[Image-text web data]
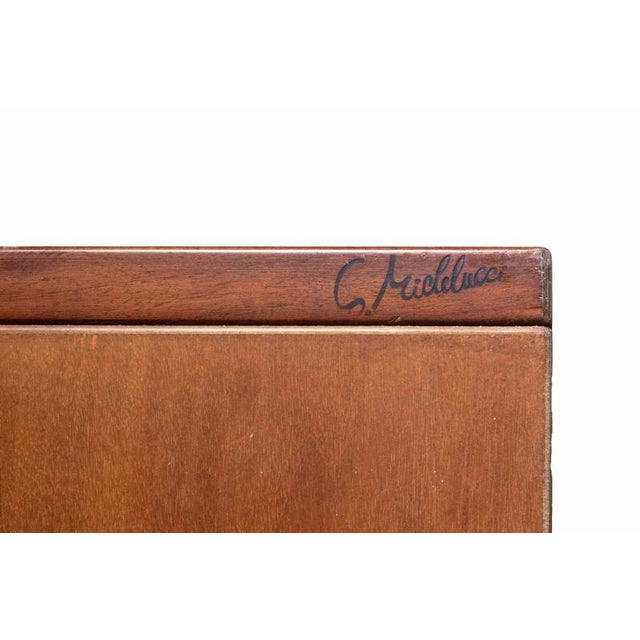1950s Model Serena Chest of Drawers by Giovanni Michelucci for Poltronova, 1955 For Sale - Image 5 of 12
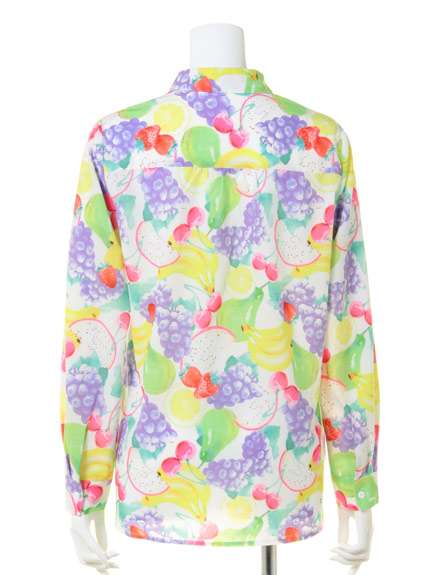 【画像】ユニークな柄の服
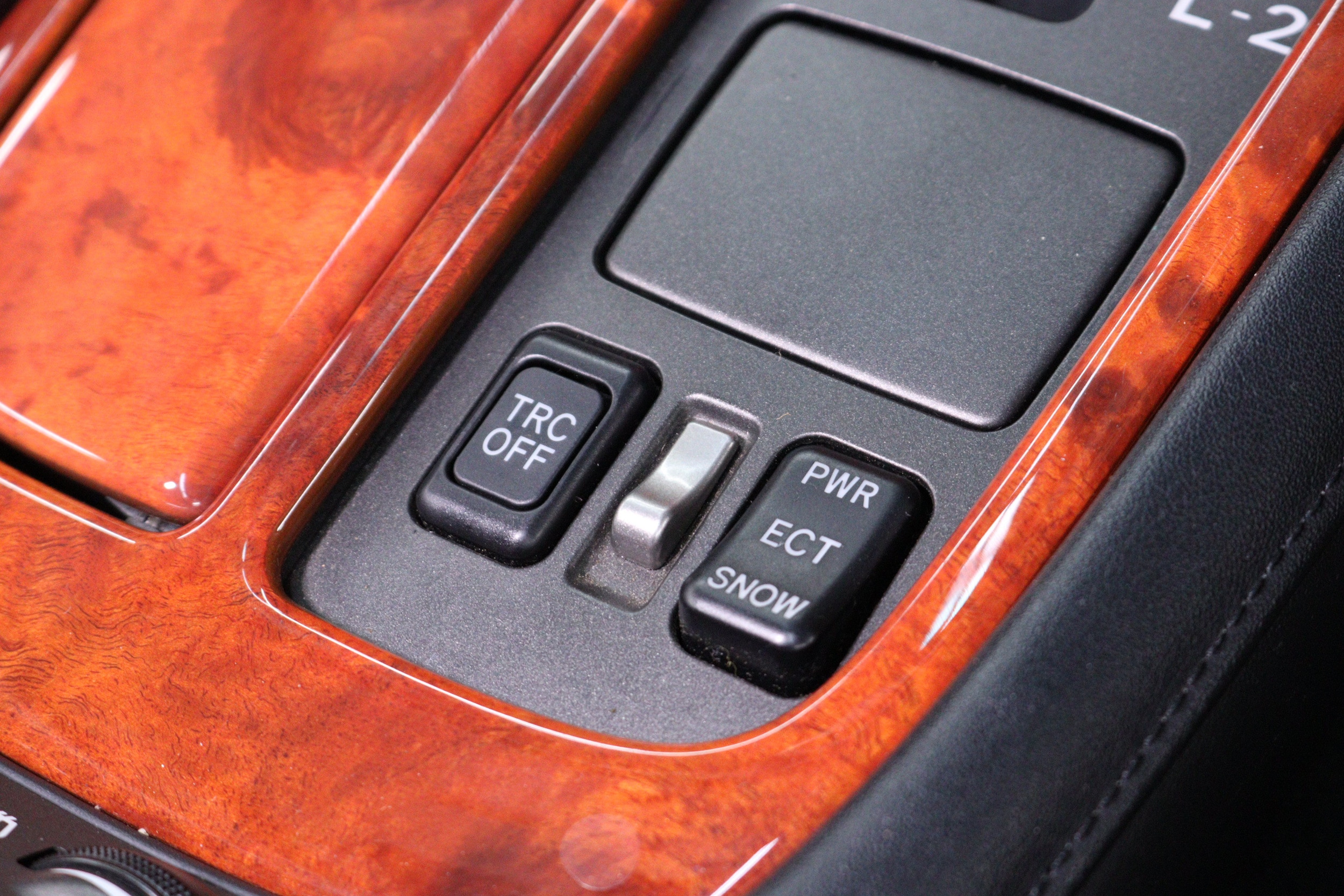 2001 Toyota Soarer 430 SCV 23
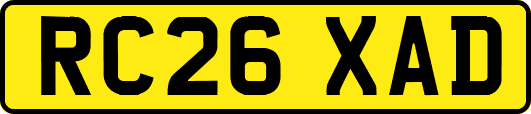 RC26XAD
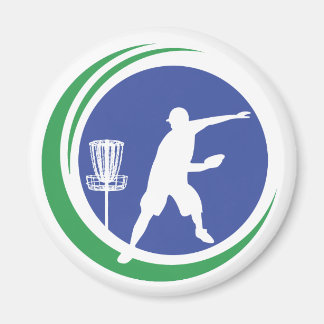 Imán Logo de PLDGA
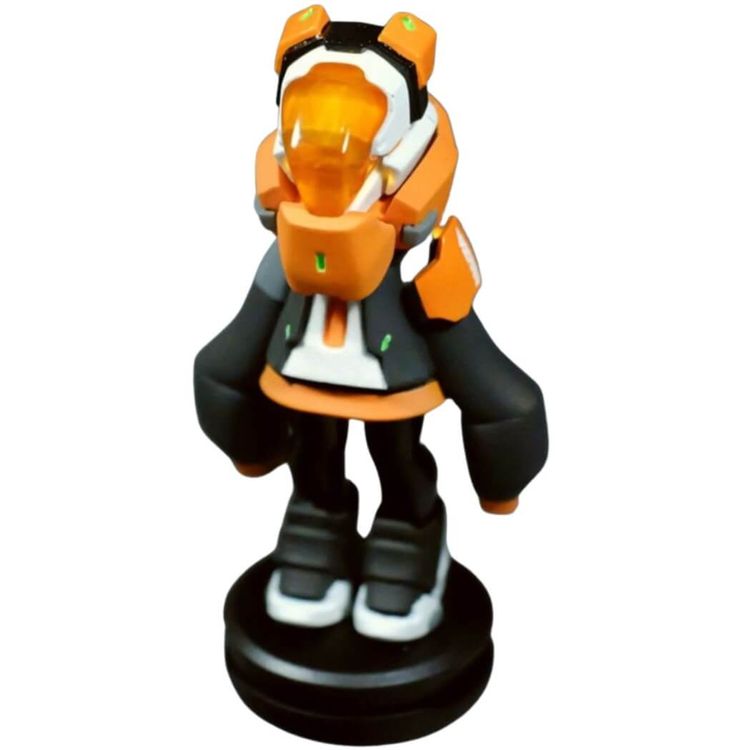 MIRA Tabi Nakama by Meijin Toys (Abraham Derri)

- What to do -
Without any of the pictures, repeat the entries above word for word.

- Output for this exercise -
1950s Model Serena Chest of Drawers by Giovanni Michelucci for Poltronova, 1955 For Sale - Image 5 of 12
 【画像】ユニークな柄の服
 2001 Toyota Soarer 430 SCV 23
 RC26XAD
 Imán Logo de PLDGA
 MIRA Tabi Nakama by Meijin Toys (Abraham Derri)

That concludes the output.